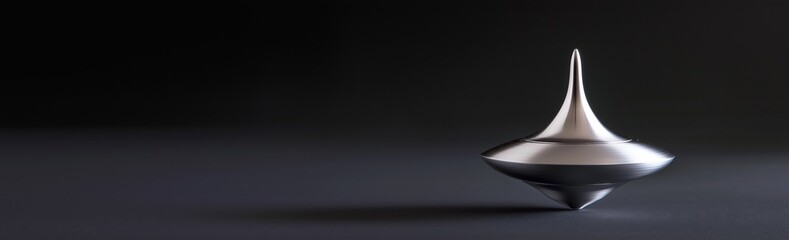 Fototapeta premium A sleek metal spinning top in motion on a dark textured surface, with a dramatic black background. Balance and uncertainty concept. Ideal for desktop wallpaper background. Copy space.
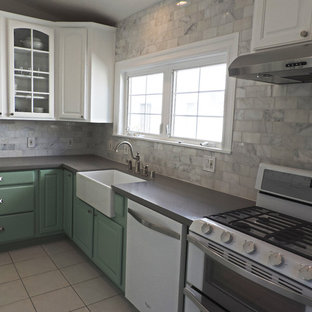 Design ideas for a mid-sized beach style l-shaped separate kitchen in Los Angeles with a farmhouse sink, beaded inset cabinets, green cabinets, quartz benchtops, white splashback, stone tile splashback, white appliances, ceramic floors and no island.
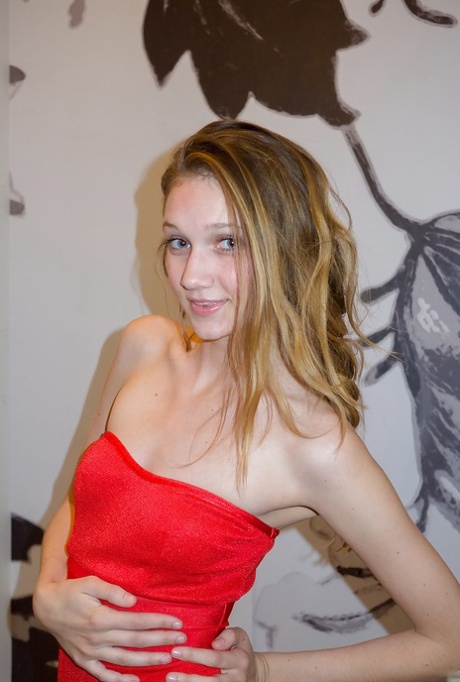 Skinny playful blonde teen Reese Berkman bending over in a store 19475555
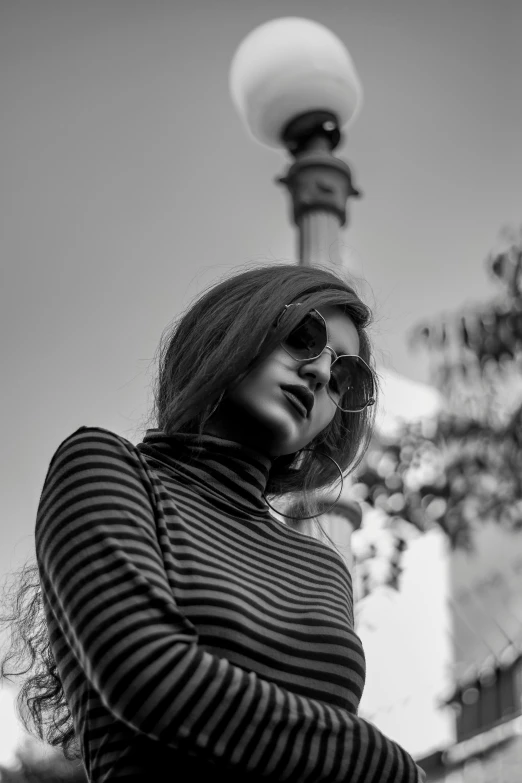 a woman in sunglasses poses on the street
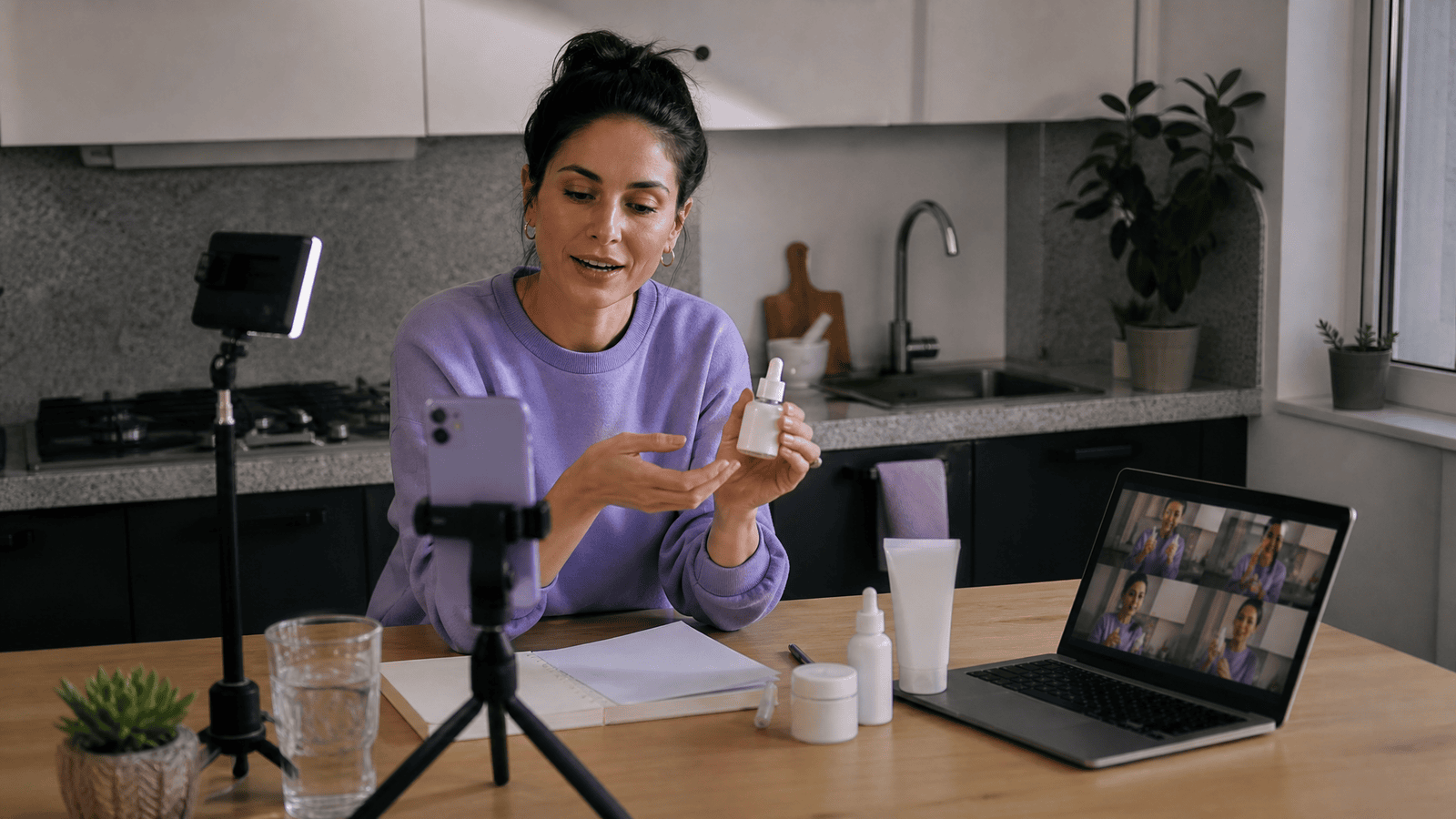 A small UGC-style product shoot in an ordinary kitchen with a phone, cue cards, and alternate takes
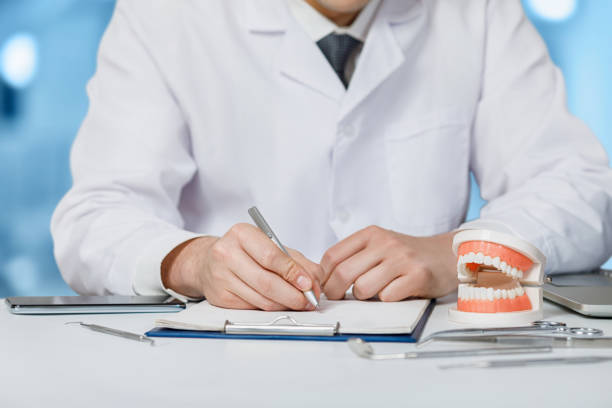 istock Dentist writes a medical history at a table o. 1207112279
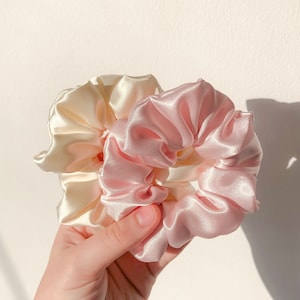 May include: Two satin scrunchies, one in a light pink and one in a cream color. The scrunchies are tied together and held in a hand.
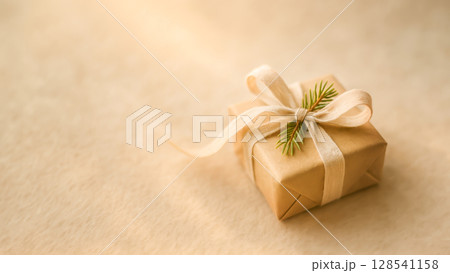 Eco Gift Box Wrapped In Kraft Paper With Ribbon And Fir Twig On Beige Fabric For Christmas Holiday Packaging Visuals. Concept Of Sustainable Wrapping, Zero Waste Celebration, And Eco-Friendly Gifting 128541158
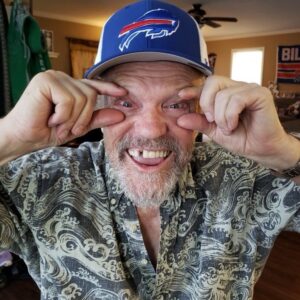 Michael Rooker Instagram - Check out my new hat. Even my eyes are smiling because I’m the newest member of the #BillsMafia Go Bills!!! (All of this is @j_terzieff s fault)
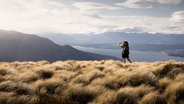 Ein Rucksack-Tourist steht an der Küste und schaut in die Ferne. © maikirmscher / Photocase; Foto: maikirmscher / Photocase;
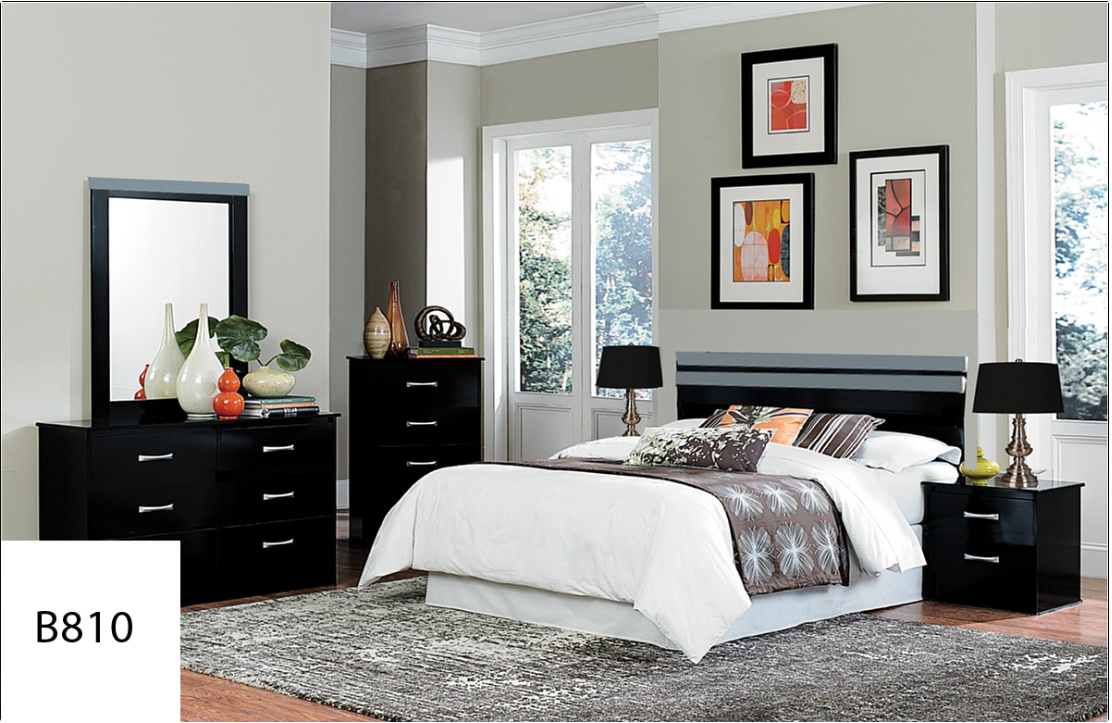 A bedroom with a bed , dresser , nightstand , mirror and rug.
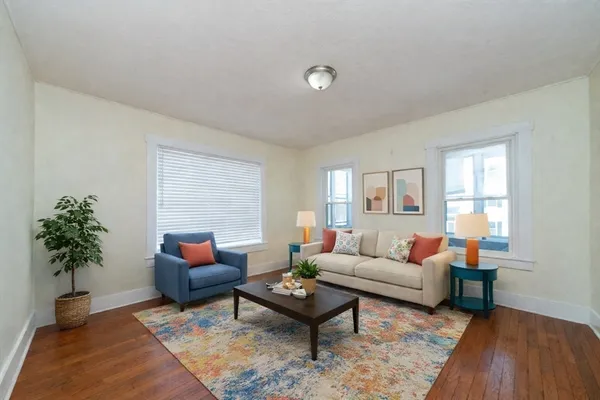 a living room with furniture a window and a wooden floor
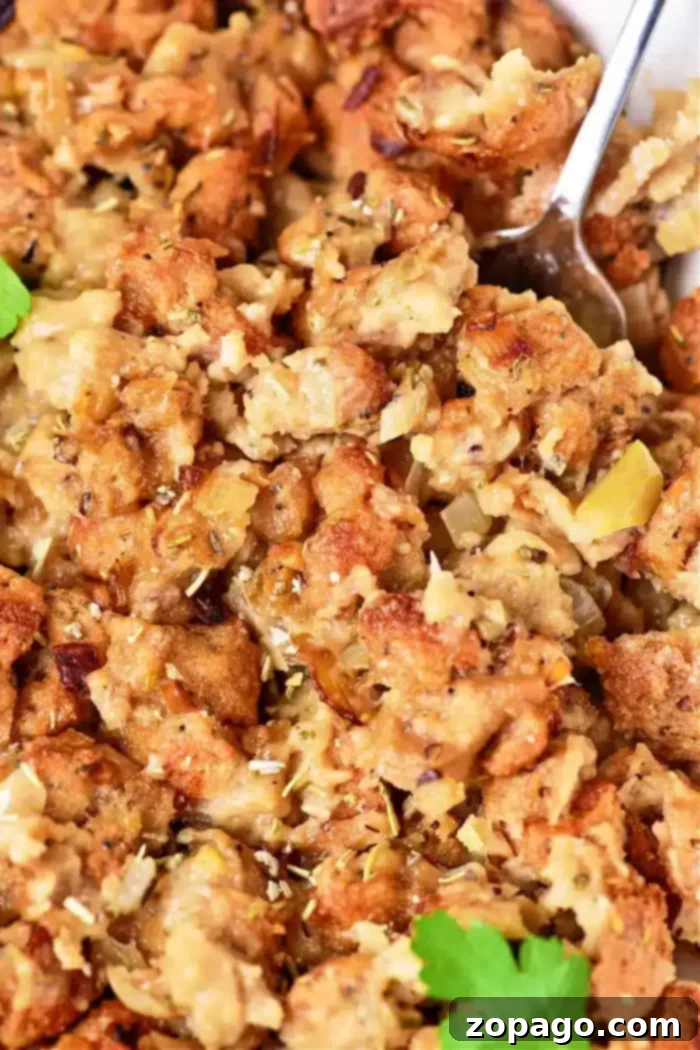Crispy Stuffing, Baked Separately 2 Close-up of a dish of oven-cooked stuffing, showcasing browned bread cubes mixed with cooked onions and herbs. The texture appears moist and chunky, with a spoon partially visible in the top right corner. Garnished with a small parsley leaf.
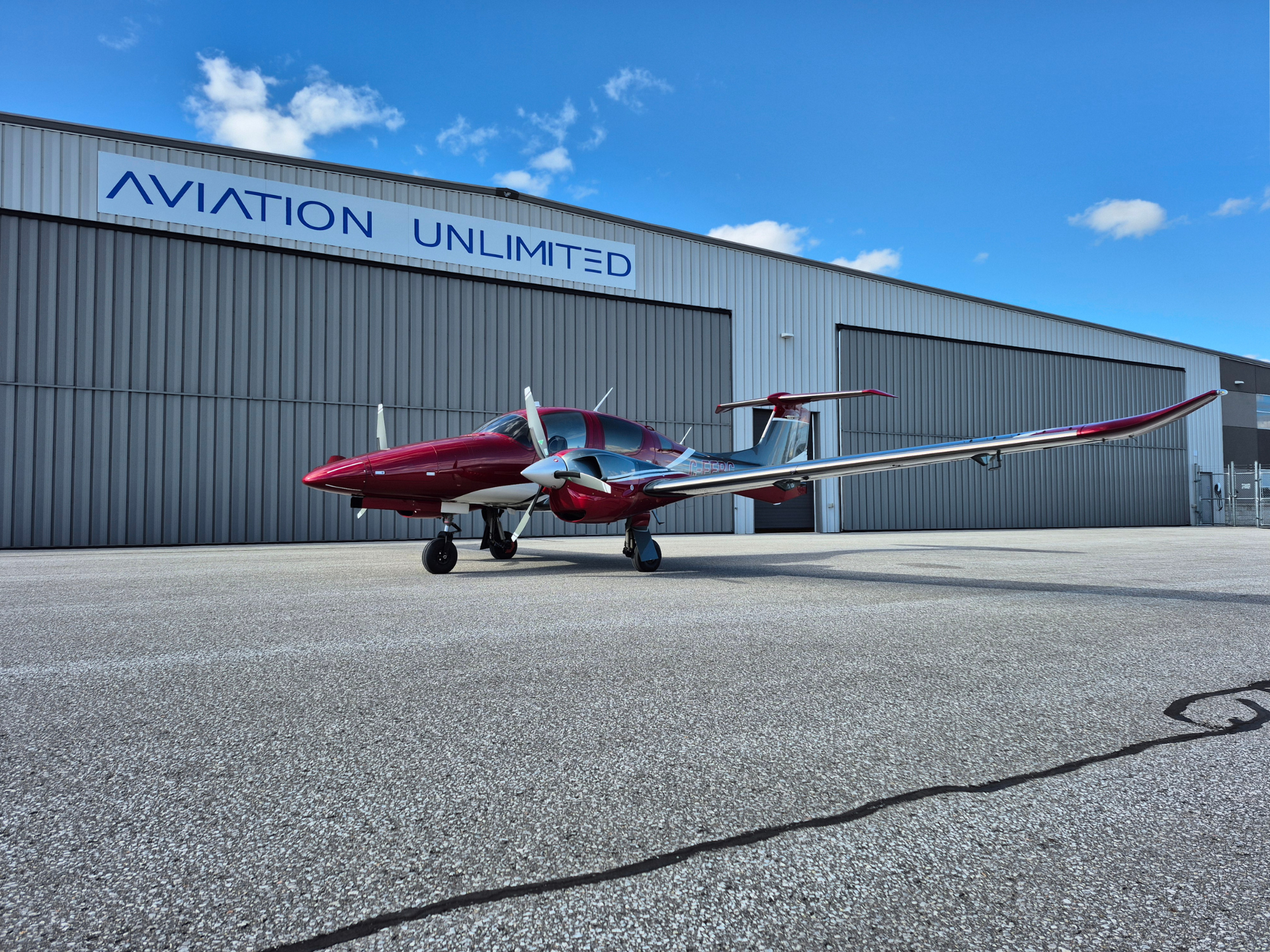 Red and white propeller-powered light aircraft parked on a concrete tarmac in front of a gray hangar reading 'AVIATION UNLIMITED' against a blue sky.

EXERCISE GOAL: Keep the pictures out, and write out the rest of the data above word for word.

RESPONSE TO THE EXERCISE:
 Fototapeta premium A sleek metal spinning top in motion on a dark textured surface, with a dramatic black background. Balance and uncertainty concept. Ideal for desktop wallpaper background. Copy space.
 Design ideas for a mid-sized beach style l-shaped separate kitchen in Los Angeles with a farmhouse sink, beaded inset cabinets, green cabinets, quartz benchtops, white splashback, stone tile splashback, white appliances, ceramic floors and no island.
 Skinny playful blonde teen Reese Berkman bending over in a store 19475555
 a woman in sunglasses poses on the street
 A small UGC-style product shoot in an ordinary kitchen with a phone, cue cards, and alternate takes
 istock Dentist writes a medical history at a table o. 1207112279
 May include: Two satin scrunchies, one in a light pink and one in a cream color. The scrunchies are tied together and held in a hand.
 Eco Gift Box Wrapped In Kraft Paper With Ribbon And Fir Twig On Beige Fabric For Christmas Holiday Packaging Visuals. Concept Of Sustainable Wrapping, Zero Waste Celebration, And Eco-Friendly Gifting 128541158
 Michael Rooker Instagram - Check out my new hat. Even my eyes are smiling because I’m the newest member of the #BillsMafia Go Bills!!! (All of this is @j_terzieff s fault)
 Ein Rucksack-Tourist steht an der Küste und schaut in die Ferne. © maikirmscher / Photocase; Foto: maikirmscher / Photocase;
 A bedroom with a bed , dresser , nightstand , mirror and rug.
 a living room with furniture a window and a wooden floor
Crispy Stuffing, Baked Separately 2 Close-up of a dish of oven-cooked stuffing, showcasing browned bread cubes mixed with cooked onions and herbs. The texture appears moist and chunky, with a spoon partially visible in the top right corner. Garnished with a small parsley leaf.
 Red and white propeller-powered light aircraft parked on a concrete tarmac in front of a gray hangar reading 'AVIATION UNLIMITED' against a blue sky.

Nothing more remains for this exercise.